䇴, 篩, and 縒 all point toward an earlier voiceless sibilant that could have conditioned the ngang tone of rây. Here's what I think could have happened:

- Old Chinese 釃 *sre became *srəj in colloquial Colonial Chinese

(4.5.20:24: *srəj could also simply be

- the OC source of MC 篩 *ʂi 'sieve'

- a schwa-grade variant of the skeleton *s-r-j

- a reversed type variant of 篩: *Cʌ-sri > *sri > *srei > *srəj)

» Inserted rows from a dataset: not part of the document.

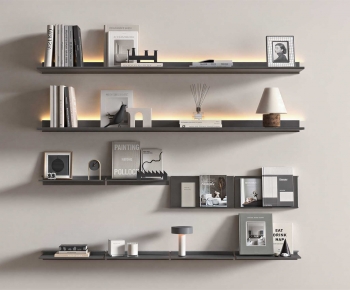 Modern Bookshelf-ID:662440065
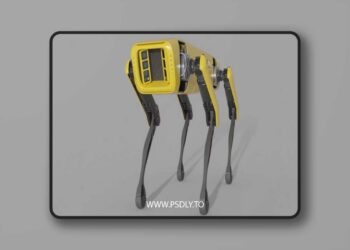 Robot Dog 3D Model
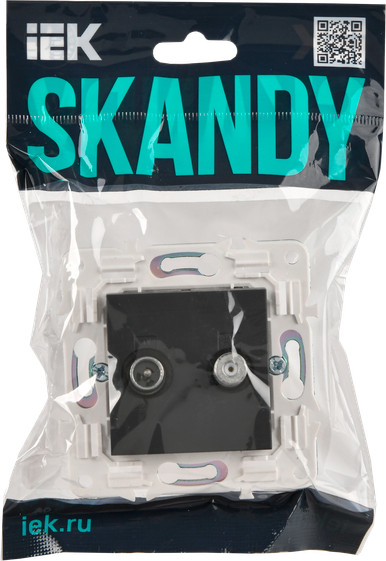 Изображение товара Розетка IEK Skandy SK-AF20-O-K53 (графит)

- CCC was borrowed into early Vietnamese as *srəj

- This was written in early nom as

篩 SV *srɨ ~ *sri ~ *sraaj

縒 SV *sraaj

䇴 with phonetic 西 SV *səj (for an early Vietnamese variant *səj without *-r-?)

- *sr- fused into *-ʂ- and softened to *-ʐ- after a presyllable

- borrowed from Chinese (4.5.20:20: e.g., the emphasis-conditioning low-vowelled presyllable in OC *Cʌ-sri above)?

- or added in Vietnamese?

- became r before Middle Vietnamese. I hypothesize that the spelling 笪+例 with an l-phonetic dates after this shift.

- At some point before Middle Vietnamese, the presyllable was lost.

Maybe 尼 SV ni 'nun' was once *nri (cf. Middle Chinese *ɳi) and 竹+尼 represented *nV-rəj after its sibilant became *-r- and before it lost its presyllable.

The native Vietnamese words for 'sieve' were also written with 竹 'bamboo' in nom.

竹+寅, 木+簡 giần < *CV-ɟən

cf. Ruc cən

竹+床 sàng < *graŋ

cf. Ruc k(h)raaŋ

More comparative data is at Starling.